Astrophel: A Pastorall Elegy upon the Death of the Most Noble and Valorous Knight, Sir Philip Sidney is a poem by the English poet Edmund Spenser. It is Spenser's tribute to the memory of Sir Philip Sidney, who had died in 1586, and was dedicated "To the most beautiful and vertuous Ladie, the Countesse of Essex", Frances Walsingham, Sidney's widow.

==History of writing and publication==
Astrophel was published in 1595 by William Ponsonby in a volume called Colin Clouts Come Home Againe. It includes other poems besides Spenser's: two elegies, "The Mourning Muse of Thestylis" and "A Pastorall Aeglogue Vpon the Death of Sir Philip Sidney Knight", which are attributed to "L.B.", generally assumed to be Lodowick Bryskett, and which show him to be a more than competent poet; one by Mathew Roydon; an epitaph by Walter Raleigh; the volume concluding with another epitaph by Fulke Greville or Edward Dyer.

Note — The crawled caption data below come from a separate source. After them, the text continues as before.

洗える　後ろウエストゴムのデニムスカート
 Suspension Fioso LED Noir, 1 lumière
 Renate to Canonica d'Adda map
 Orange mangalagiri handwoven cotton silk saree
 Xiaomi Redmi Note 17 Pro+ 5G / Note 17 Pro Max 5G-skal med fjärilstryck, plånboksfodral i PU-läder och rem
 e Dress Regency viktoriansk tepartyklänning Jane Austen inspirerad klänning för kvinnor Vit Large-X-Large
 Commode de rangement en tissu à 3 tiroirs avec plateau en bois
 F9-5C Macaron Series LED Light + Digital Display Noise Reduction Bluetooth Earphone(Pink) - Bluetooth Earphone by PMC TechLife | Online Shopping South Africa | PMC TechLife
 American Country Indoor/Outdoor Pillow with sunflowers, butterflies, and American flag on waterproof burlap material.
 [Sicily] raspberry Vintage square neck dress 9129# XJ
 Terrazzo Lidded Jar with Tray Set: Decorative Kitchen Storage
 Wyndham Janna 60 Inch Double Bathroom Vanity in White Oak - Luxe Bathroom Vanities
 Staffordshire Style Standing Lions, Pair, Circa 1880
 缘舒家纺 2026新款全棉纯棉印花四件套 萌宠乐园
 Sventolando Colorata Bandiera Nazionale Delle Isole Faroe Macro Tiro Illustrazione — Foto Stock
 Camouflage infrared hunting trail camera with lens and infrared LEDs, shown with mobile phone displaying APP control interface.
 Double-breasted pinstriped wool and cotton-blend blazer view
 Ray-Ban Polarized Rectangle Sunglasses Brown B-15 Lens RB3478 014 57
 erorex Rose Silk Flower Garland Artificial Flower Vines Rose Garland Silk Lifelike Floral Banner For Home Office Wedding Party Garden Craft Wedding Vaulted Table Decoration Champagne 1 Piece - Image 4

The date of when Astrophel was written is unknown. It is assumed to be one of the latest formal elegies on Sidney, composed some time between 1591 (Complaints) and late 1595 (Colin Clout), but nothing in Spenser's Astrophel indicates where it was written. However, given the close links between Spenser's elegies and Bryskett's, a third elegy in the volume, it seems likely that Astrophel was written in Ireland, some time between 1591 and Spenser’s return to London in the winter of 1595–96.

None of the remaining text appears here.